Wherever a picture sits, omit it. Output the rest of the listing exactly.

(Data shown)

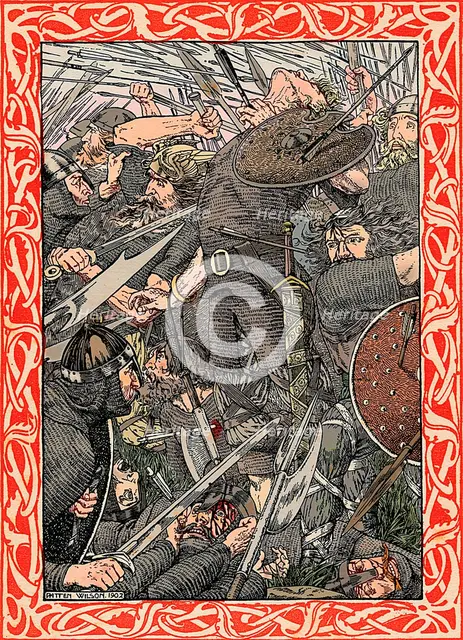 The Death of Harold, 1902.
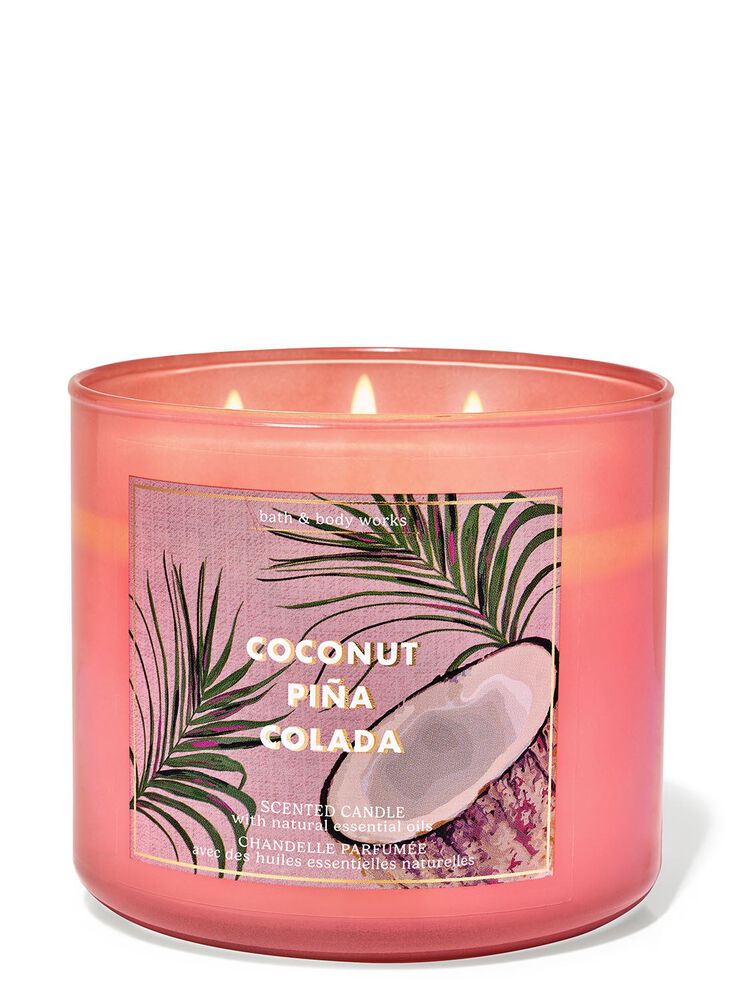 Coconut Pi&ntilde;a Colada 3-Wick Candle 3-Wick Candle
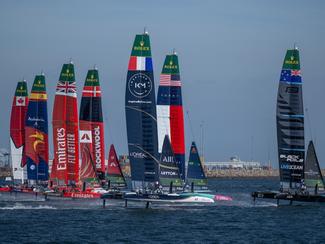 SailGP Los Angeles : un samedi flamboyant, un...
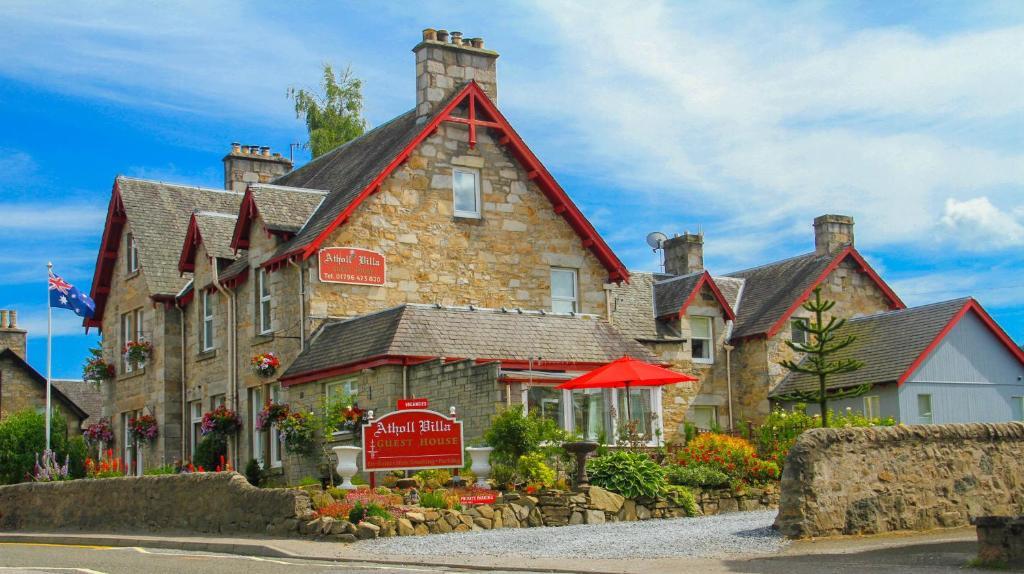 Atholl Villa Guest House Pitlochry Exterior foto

(End Data shown)

Answer box:
 The Death of Harold, 1902.
 Coconut Pi&ntilde;a Colada 3-Wick Candle 3-Wick Candle
 SailGP Los Angeles : un samedi flamboyant, un...
 Atholl Villa Guest House Pitlochry Exterior foto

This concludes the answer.